-- Raw data follows --

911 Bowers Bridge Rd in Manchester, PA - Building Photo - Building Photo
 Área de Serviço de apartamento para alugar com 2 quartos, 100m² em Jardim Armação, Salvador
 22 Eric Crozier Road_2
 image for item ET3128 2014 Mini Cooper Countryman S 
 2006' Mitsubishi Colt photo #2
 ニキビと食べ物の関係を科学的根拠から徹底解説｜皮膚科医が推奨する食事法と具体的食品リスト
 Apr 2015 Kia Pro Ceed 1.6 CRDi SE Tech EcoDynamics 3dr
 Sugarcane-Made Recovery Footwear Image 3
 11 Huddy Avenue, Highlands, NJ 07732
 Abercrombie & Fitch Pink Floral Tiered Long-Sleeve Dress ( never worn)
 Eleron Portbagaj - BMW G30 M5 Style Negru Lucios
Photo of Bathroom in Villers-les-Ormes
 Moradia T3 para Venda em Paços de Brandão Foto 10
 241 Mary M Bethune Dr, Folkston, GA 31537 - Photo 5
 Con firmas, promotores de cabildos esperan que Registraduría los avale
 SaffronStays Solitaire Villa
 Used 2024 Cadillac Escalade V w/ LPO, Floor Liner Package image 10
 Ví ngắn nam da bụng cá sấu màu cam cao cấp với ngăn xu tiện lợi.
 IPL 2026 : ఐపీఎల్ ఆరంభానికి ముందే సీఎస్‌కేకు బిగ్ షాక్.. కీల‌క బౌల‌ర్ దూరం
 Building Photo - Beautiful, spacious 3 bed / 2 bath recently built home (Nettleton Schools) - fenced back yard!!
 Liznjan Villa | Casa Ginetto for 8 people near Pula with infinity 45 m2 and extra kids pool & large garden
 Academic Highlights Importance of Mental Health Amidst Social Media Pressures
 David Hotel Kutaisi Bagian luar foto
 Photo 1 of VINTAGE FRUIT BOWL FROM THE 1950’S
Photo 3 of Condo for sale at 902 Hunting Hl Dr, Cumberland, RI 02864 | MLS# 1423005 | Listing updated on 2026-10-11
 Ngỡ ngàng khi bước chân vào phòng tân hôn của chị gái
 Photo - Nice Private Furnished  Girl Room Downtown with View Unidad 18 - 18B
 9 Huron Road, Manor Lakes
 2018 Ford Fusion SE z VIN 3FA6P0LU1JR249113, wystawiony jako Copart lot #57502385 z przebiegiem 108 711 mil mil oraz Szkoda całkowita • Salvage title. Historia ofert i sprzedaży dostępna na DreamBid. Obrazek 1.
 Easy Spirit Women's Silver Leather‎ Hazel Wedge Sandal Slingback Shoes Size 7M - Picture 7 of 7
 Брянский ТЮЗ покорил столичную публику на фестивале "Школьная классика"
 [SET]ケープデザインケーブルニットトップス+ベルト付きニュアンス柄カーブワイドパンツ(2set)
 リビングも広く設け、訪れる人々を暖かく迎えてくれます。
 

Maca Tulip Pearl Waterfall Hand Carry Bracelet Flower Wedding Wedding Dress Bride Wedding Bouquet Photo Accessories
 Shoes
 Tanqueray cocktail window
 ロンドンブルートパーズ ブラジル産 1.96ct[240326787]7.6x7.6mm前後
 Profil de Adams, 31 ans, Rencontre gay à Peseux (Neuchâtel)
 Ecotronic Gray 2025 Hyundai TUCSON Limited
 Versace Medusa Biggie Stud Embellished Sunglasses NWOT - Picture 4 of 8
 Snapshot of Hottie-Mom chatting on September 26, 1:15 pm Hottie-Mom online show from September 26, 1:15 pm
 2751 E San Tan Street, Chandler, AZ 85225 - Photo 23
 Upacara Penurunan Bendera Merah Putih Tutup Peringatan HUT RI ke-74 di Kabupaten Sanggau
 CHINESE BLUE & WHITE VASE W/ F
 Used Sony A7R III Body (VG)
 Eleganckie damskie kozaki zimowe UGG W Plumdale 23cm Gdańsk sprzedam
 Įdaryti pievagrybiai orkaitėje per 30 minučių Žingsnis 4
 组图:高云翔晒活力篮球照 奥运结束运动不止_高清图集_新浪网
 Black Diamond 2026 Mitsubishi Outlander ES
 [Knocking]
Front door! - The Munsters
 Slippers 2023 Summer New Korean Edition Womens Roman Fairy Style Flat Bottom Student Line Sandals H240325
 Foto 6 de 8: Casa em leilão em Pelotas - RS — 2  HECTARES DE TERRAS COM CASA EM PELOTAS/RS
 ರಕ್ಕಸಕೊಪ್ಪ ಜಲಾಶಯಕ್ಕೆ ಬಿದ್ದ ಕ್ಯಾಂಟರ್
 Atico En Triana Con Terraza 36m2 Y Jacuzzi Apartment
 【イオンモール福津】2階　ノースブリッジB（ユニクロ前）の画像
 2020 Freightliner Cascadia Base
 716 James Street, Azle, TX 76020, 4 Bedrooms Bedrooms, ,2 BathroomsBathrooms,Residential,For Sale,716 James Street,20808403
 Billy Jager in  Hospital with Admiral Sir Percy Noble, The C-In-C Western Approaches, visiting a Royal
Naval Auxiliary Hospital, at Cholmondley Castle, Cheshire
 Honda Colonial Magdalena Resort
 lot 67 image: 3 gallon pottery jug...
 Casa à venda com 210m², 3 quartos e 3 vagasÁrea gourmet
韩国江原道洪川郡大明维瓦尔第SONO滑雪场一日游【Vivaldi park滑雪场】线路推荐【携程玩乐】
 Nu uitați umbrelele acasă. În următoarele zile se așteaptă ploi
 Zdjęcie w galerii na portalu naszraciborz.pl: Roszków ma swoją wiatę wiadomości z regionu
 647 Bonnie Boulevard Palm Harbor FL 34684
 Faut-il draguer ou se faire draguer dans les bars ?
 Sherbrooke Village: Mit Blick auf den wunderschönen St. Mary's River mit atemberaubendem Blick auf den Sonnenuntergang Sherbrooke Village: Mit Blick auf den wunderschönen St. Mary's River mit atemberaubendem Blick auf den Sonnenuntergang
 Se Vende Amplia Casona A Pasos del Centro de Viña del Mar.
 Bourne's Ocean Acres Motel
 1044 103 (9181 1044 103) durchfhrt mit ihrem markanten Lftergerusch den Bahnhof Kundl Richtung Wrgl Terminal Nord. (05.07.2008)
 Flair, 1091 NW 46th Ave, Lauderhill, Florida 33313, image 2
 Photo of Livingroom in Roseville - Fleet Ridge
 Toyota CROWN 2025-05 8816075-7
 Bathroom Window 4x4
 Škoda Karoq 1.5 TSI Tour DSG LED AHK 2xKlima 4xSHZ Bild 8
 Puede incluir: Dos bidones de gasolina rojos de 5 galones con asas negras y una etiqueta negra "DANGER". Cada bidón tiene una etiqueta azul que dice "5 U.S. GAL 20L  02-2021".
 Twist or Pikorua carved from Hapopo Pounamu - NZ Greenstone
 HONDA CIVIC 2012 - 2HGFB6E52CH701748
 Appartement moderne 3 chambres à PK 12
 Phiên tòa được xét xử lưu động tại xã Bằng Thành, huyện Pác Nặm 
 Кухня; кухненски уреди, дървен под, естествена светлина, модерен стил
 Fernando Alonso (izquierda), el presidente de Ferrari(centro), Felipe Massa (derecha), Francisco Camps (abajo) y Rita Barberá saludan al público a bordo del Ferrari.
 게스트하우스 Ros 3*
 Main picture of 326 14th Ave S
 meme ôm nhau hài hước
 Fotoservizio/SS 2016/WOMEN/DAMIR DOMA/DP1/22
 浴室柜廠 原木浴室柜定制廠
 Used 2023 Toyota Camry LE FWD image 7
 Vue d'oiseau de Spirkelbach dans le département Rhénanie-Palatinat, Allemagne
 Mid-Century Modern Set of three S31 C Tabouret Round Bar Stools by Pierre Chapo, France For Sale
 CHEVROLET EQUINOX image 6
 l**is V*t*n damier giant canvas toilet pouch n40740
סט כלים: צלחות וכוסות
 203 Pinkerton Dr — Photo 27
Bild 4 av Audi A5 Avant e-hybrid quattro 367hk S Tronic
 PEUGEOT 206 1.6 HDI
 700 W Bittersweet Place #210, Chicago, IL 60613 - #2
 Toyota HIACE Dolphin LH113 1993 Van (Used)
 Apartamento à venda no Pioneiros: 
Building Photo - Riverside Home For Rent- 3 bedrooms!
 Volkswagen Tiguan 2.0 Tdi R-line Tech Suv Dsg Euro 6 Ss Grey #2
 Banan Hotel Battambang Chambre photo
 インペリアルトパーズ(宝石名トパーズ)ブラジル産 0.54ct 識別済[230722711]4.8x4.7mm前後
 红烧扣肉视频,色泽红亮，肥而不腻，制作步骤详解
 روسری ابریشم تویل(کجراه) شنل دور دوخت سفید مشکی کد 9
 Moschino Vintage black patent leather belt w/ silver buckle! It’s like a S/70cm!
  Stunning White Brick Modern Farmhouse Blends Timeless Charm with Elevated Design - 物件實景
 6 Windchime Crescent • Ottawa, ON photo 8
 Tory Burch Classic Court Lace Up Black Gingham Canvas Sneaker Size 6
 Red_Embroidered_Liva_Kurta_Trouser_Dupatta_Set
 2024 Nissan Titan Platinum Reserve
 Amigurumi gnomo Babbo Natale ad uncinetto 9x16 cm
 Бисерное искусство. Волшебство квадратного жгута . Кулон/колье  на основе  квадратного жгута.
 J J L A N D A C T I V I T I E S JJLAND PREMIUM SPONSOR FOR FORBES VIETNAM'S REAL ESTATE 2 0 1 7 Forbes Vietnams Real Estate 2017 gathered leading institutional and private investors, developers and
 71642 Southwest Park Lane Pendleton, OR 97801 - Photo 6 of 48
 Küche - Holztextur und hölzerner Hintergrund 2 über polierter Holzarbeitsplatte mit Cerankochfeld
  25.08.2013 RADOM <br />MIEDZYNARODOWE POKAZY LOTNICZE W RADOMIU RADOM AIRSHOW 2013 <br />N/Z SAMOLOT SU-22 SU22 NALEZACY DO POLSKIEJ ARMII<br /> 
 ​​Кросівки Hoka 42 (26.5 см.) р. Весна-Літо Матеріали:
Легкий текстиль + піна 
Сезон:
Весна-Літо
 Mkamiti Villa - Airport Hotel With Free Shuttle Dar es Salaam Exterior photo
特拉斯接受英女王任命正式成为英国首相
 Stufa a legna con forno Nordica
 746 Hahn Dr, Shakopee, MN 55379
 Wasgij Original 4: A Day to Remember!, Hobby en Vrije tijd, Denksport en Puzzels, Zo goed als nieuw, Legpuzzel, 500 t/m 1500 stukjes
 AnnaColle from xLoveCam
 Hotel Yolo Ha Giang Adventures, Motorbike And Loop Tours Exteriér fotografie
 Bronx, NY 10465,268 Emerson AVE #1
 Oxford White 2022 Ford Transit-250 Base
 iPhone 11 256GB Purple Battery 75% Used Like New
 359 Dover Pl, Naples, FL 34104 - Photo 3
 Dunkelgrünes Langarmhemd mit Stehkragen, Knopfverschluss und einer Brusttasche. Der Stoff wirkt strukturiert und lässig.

-- Raw data concluded --

**Problem details:**
Could you retype exactly the lines above, starting at the line that contains "Škoda Karoq 1.5" and ending at the line that contains "Fotoservizio/SS 2016/WOMEN/DAMIR DOMA/DP1/22", and nothing more?

**Written response:**
 Škoda Karoq 1.5 TSI Tour DSG LED AHK 2xKlima 4xSHZ Bild 8
 Puede incluir: Dos bidones de gasolina rojos de 5 galones con asas negras y una etiqueta negra "DANGER". Cada bidón tiene una etiqueta azul que dice "5 U.S. GAL 20L  02-2021".
 Twist or Pikorua carved from Hapopo Pounamu - NZ Greenstone
 HONDA CIVIC 2012 - 2HGFB6E52CH701748
 Appartement moderne 3 chambres à PK 12
 Phiên tòa được xét xử lưu động tại xã Bằng Thành, huyện Pác Nặm 
 Кухня; кухненски уреди, дървен под, естествена светлина, модерен стил
 Fernando Alonso (izquierda), el presidente de Ferrari(centro), Felipe Massa (derecha), Francisco Camps (abajo) y Rita Barberá saludan al público a bordo del Ferrari.
 게스트하우스 Ros 3*
 Main picture of 326 14th Ave S
 meme ôm nhau hài hước
 Fotoservizio/SS 2016/WOMEN/DAMIR DOMA/DP1/22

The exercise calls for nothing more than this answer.